Several news sources, including New York magazine, are reporting that the English historian and essayist Tony Judt has died. In November 2008, Judt was diagnosed with Lou Gehrig’s disease, a neuro-degenerative condition that very quickly left him paralysed from the neck down. He continued to write almost until the end, however, even delivering the 2009 Remarque Lecture at New York University (where he had taught for many years) in a wheelchair and from inside the prison of a body that permitted him to do little else but speak and breathe (and this only with the help of a machine).

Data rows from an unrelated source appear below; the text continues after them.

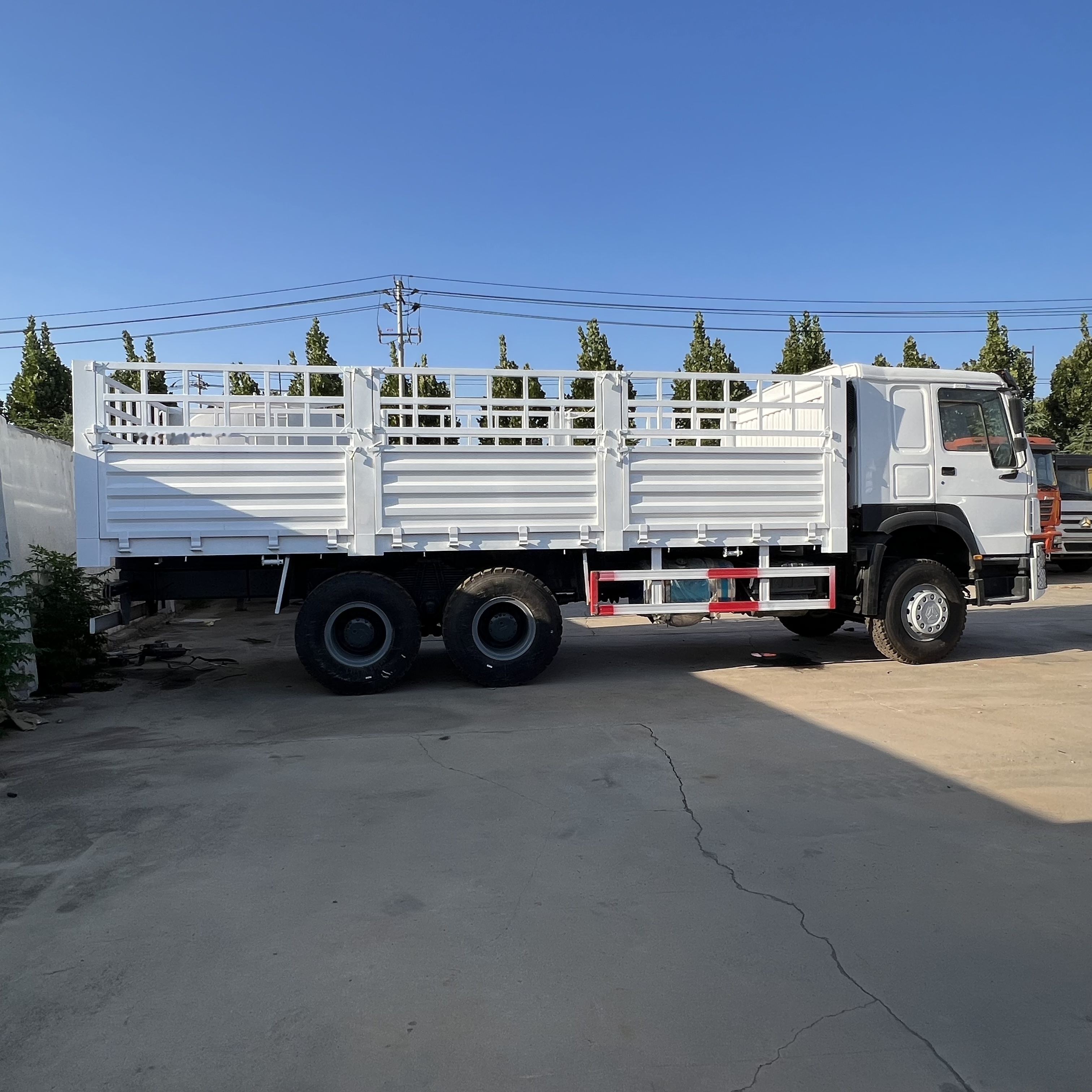 Sinotruk HOWO 371 6*4 Fence Truck - Грузовик бортовой/ Платформа: фото 5 Sinotruk HOWO 371 6*4 Fence Truck - Грузовик бортовой/ Платформа: фото 5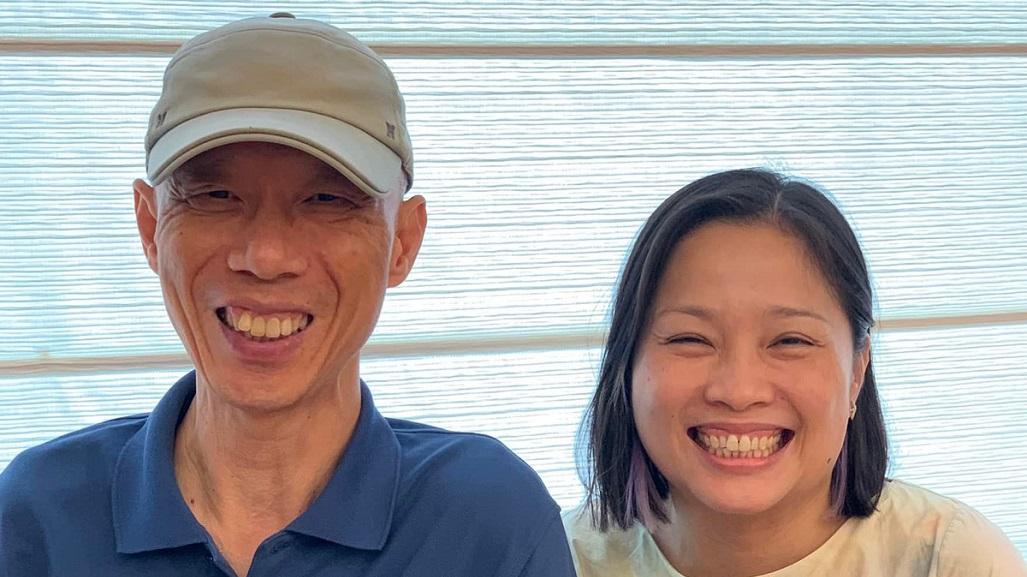 黃錦星(左)看電影後，與羅惠儀(右)一同品嘗荔枝窩咖啡。(黃錦星FB)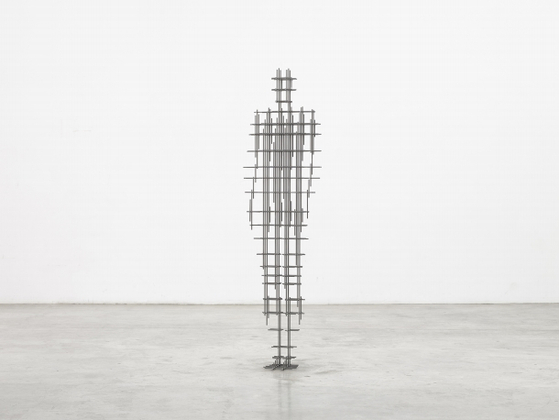 “SET VI”(2020) by renowned British sculptor Antony Gormley will be shown in the booth of the prestigious Galerie Thaddaeus Ropac.  [GALERIE THADDAEUS ROPAC]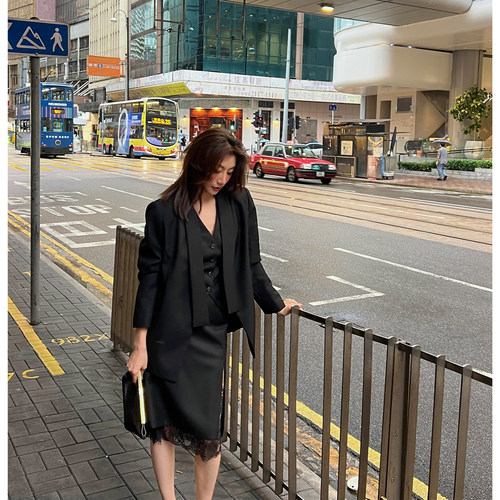 AloneSavor龍喜儿 三件套轻熟高智羊毛西装半裙套装马甲R620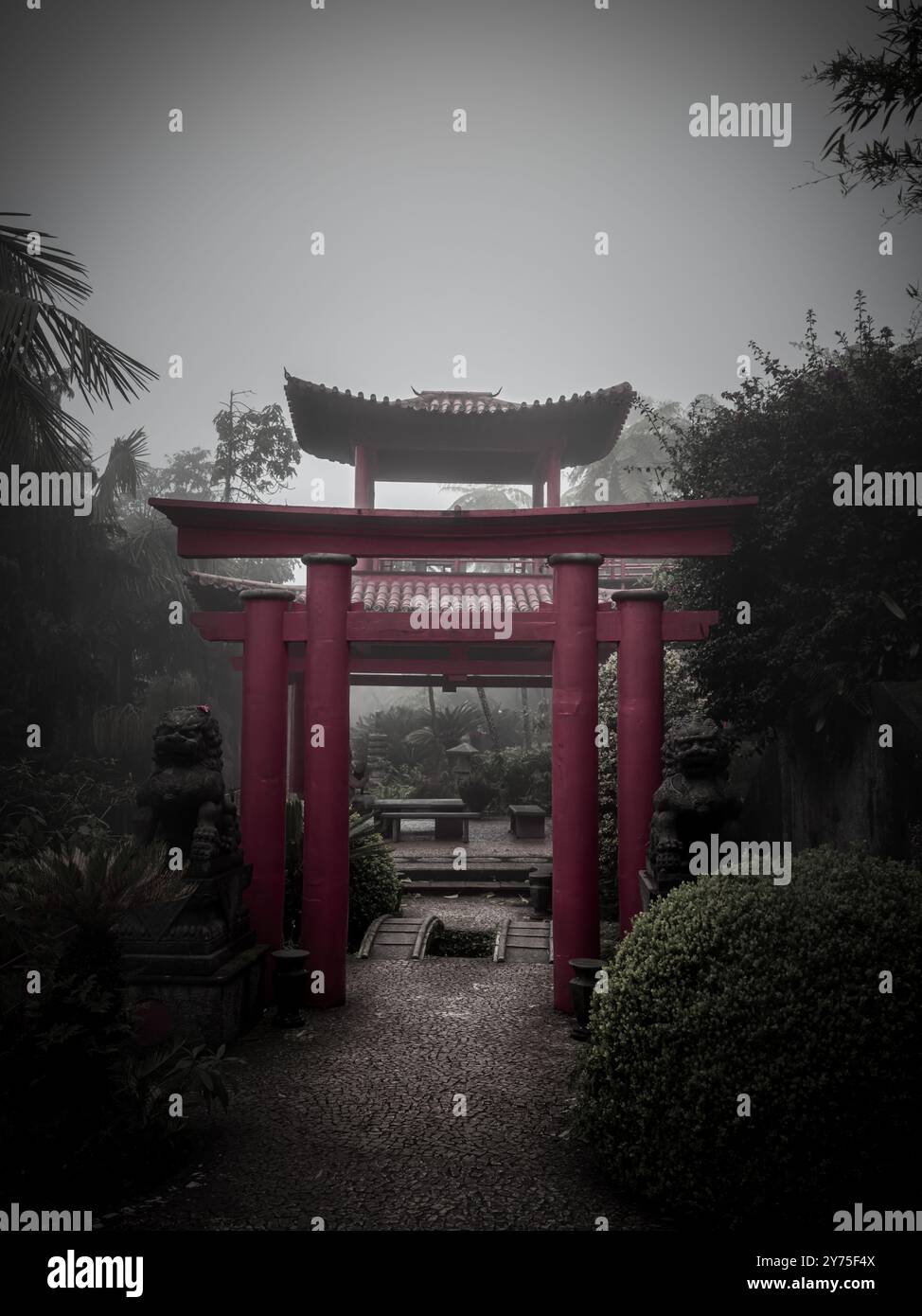 Japanische Pagode an einem nebeligen Tag im Monte Palace Tropical Garden in Funchal auf Madeira, Portugal. Stockfoto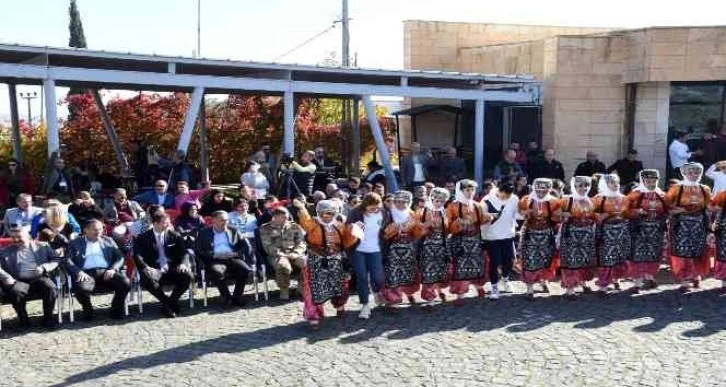 Komagene kürekçileri madalyalarını Perre antik kentinde aldı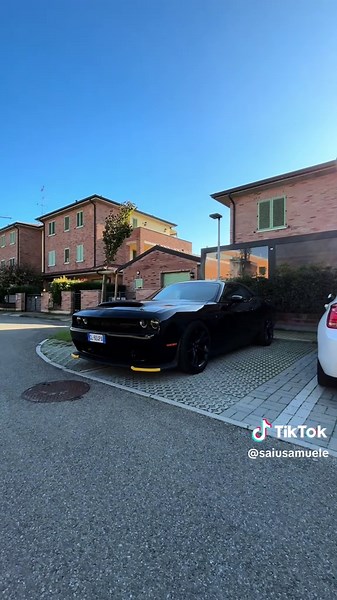 Explore the Power of Dodge Challenger and Hellcat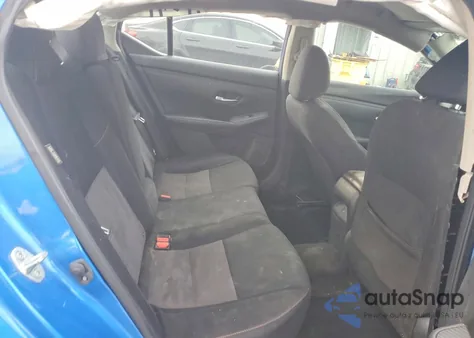 2021 Nissan Sentra Sr z USA, uszkodzony, nr VIN 3N1AB8DV0MY246712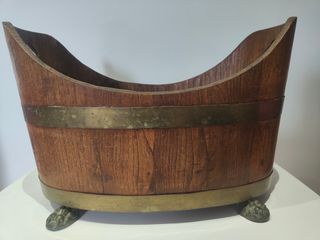 Tina madera y latón antigua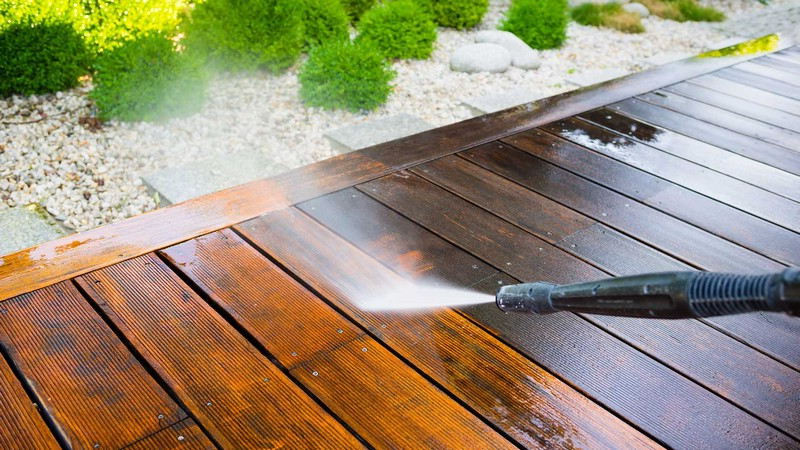 Nettoyer une terrasse en bois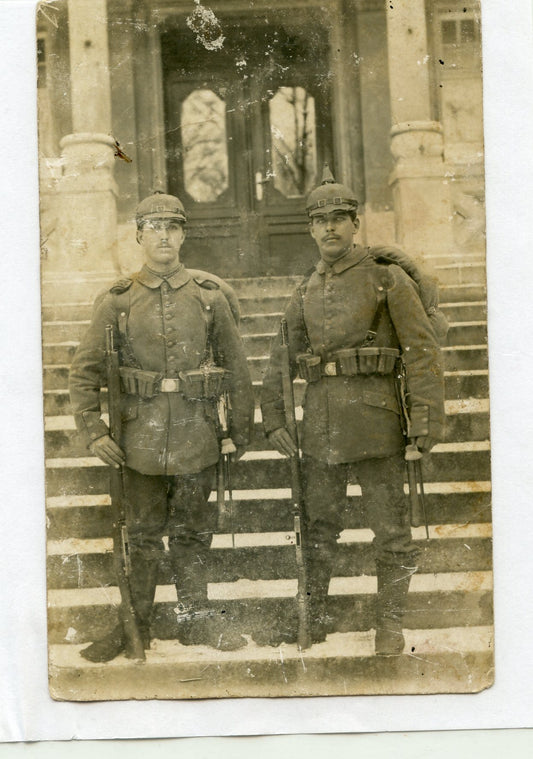 carte photo allemande 2 soldats équipés casque à pointe Mauser 1888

That lecture, entitled “What is Living and What is Dead in Social Democracy”, was turned (with astonishing speed, bearing in mind his condition) into a book, Ill Fares the Land, in which Judt offered — for the benefit, he said, of “young people on both sides of the Atlantic” — both an account of what he saw as the corruption of our moral sentiments (he borrowed the phrase from Adam Smith, whom he rightly took to have abhorred the “uncritical adulation of wealth for its own sake”) and a vision of what political discourse used to be like — not in the distant past, but in his own lifetime, during the postwar heyday of social democracy.
It was a period, Judt wrote, in which there was a “moralised quality to policy debates”, when questions such as unemployment and inflation were regarded not just as economic issues, but also as “tests of the ethical coherence of the community”.
Ill Fares the Land was both a threnody (for a language of the common good that Judt thought we had carelessly misplaced) and the expression of a certain kind of political temperament:
Social democrats are characteristically modest — a political quality whose virtues are overestimated. We need to apologise a little less for our shortcomings and speak more assertively of achievements. That these were always incomplete should not trouble us.
If we have learned nothing else from the 20th century, we should at least have grasped that the more perfect the answer, the more terrifying its consequences. Incremental improvements upon unsatisfactory circumstances are the best that we can hope for, and probably all we should seek. Others have spent the last three decades methodically unravelling and destablising them: this should make us much angrier than we are . . .
Social democracy does not represent an ideal future; it does not even represent the ideal past. But among the options available to us today, it is better than anything else to hand. (Ill Fares the Land, pp. 224-25)
Much of the scholarly work with which Judt made his academic reputation (books such as Past Imperfect: French Intellectuals, 1944-1956 and The Burden of Responsibility: Blum, Camus, Aron and the French Twentieth Century), before gaining wider acclaim (and, it has to be said, notoriety) on the strength of his literary journalism for the New York Review of Books, was devoted to the terrible seductions of the “perfect answer” in politics and to the irresponsibility (and irrelevance) of intellectuals who insist that nothing less than perfection will do.
What that passage from his last book shows, however, is that Judt also knew that a sober recognition of the limits of politics is not the same as a quietistic and defeated abandonment of them. He will be greatly missed.